Robert BAEZ, Appellant, v. STATE of Florida, Appellee.
    No. 4D01-100.
    District Court of Appeal of Florida, Fourth District.
    April 10, 2002.
    Rehearing Denied May 14, 2002.
    
      Carey Haughwout, Public Defender, and Michael Antinori and Margaret Good-Earnest, Assistant Public Defenders, West Palm Beach, for appellant.
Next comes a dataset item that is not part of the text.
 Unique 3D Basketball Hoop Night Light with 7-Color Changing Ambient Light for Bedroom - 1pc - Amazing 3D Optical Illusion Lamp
    Robert A. Butterworth, Attorney General, Tallahassee, and Melynda L. Melear, Assistant Attorney General, West Palm Beach, for appellee.
   KLEIN, J.

The issue in this case is whether, after an officer looked at appellant’s license during a consensual encounter, the encounter became non-consensual when the officer retained the license and called in to check for outstanding arrest warrants. We agree with appellant that a reasonable person would not have felt free to leave and that his motion to suppress should have been granted. See Florida v. Bostick, 501 U.S. 429, 111 S.Ct. 2382, 115 L.Ed.2d 389 (1991).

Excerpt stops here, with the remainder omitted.